Queste commissioni sono fondamentali per avviare le procedure introdotte dalla legge, che peraltro è al centro di un ricorso del governo davanti alla Corte costituzionale. L’associazione Tonino Pascali-Sardegna Radicale ha deciso di presentare una richiesta di accesso agli atti alle due aziende sanitarie per conoscere lo stato della nomina delle commissioni.
I ritardi nelle nomine delle commissioni multidisciplinari
La legge regionale imponeva alle aziende sanitarie di istituire le commissioni multidisciplinari entro quindici giorni dall’entrata in vigore della norma, Tuttavia, le Asl di Oristano e Gallura hanno accumulato un ritardo di 290 giorni rispetto alla scadenza prevista.
Per quanto riguarda l’Asl di Oristano, i dati pubblicati sul sito istituzionale mostrano che la procedura è stata soltanto avviata. L’azienda ha diffuso una manifestazione di interesse per la costituzione della commissione, fissando al 10 luglio 2026 il termine per le candidature. Tuttavia, alla stessa data non risulta ancora alcuna delibera di nomina dei componenti. Anche le delibere più recenti pubblicate il 16 e 17 luglio 2026 riguardano materie diverse e non contengono l’atto istitutivo richiesto dalla legge.

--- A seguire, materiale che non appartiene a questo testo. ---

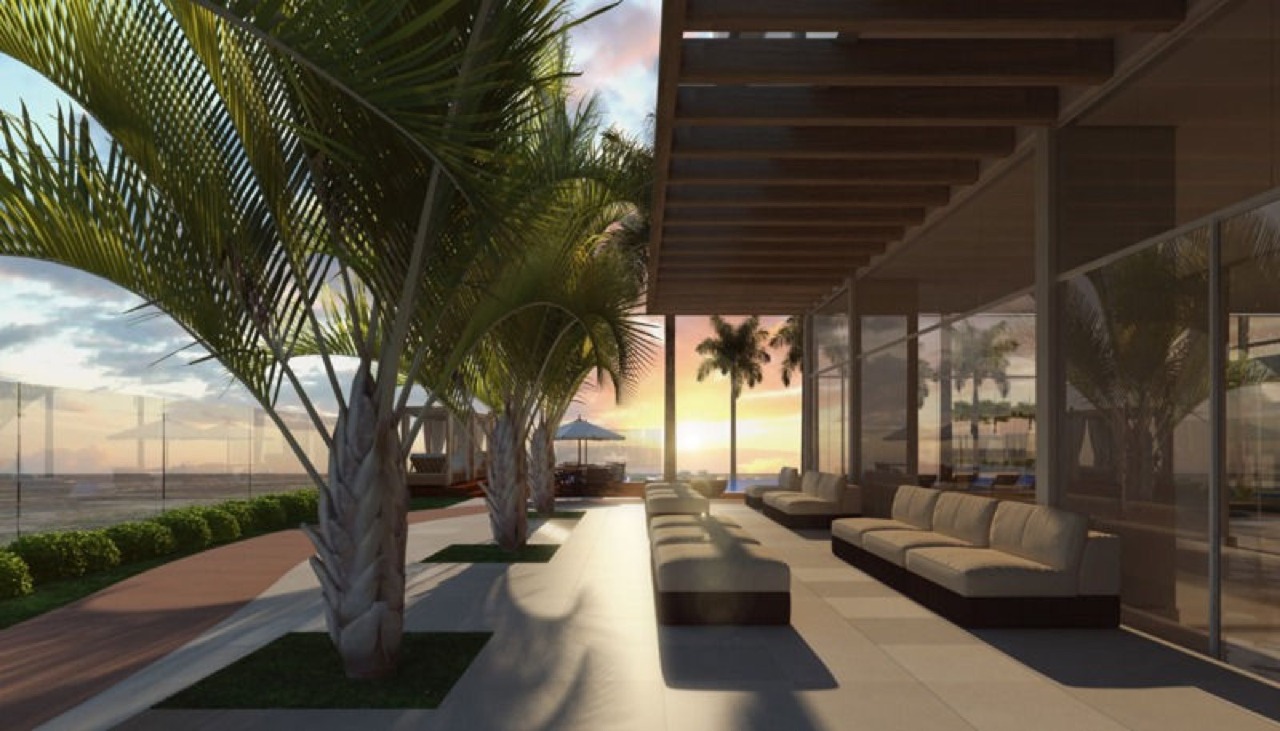 Apartamento à venda no Praia Brava: Lounge externo com sofás e palmeiras ao entardecer (imagem ilustrativa)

Per l’Asl 2 Gallura, alla stessa data non risulta pubblicata alcuna delibera di nomina della commissione multidisciplinare né alcun avviso preparatorio nella sezione ufficiale degli avvisi e delle comunicazioni.

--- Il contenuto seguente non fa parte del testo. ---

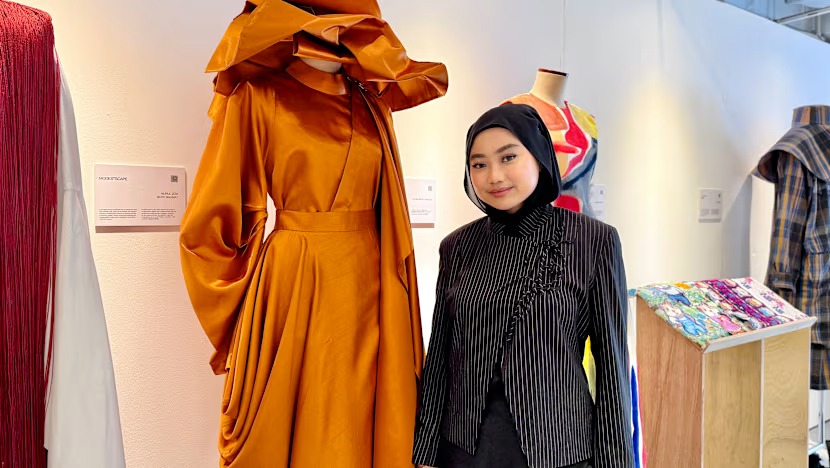 Nurul Izza with one of her designs presented during the fashion show at Cantonment MRT Station (Photo: Fatyn Abdul Samad)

Le conseguenze dei ritardi
Le altre aziende sanitarie che hanno provveduto alla nomina delle commissioni lo hanno fatto con ritardi gravissimi rispetto alla scadenza del 3 ottobre 2026. Ad esempio, l’Asl 6 Medio Campidano ha accumulato 146 giorni di ritardo, l’Asl 3 Nuoro 201 giorni, l’Asl 1 Sassari 265 giorni, l’Asl 4 Ogliastra 265 giorni, l’Asl 8 Cagliari 275 giorni e l’Asl 7 Sulcis 280 giorni.
“Dove la commissione non esiste, una legge approvata dal Consiglio regionale resta lettera morta”, spiegano le referenti dell’associazione Tonino Pascali-Sardegna Radicale, Valentina Campus e Laura Di Napoli. “E le persone malate vengono lasciate sole davanti alla sofferenza e all’incertezza.”
“Il prolungato ritardo della Asl 2 della Gallura e della Asl 5 di Oristano è soprattutto la negazione della scelta per chi soffre di malattie incurabili”, sottolinea Campus. “Non possiamo, per un ritardo burocratico, negare il diritto di scelta a chi soffre.”
“È inaccettabile”, aggiunge Di Napoli, “che le Asl territoriali della Gallura e di Oristano continuino a ignorare il diritto alla scelta dei malati.”
Un arcipelago di diritti
Il dato politico, prima ancora che amministrativo, è limpido: la Sardegna ha approvato una legge di civiltà, ma una sua parte continua a non applicarla integralmente. Il risultato è un arcipelago di diritti, in cui l’accesso a una procedura prevista dalla legge dipende ancora dal territorio in cui una persona vive, soffre e attende risposta.
“Questi ritardi non sono un dettaglio amministrativo”, scrivono le coordinatrici Valentina Campus e Laura Di Napoli. “Ma la misura concreta di una disuguaglianza intollerabile.”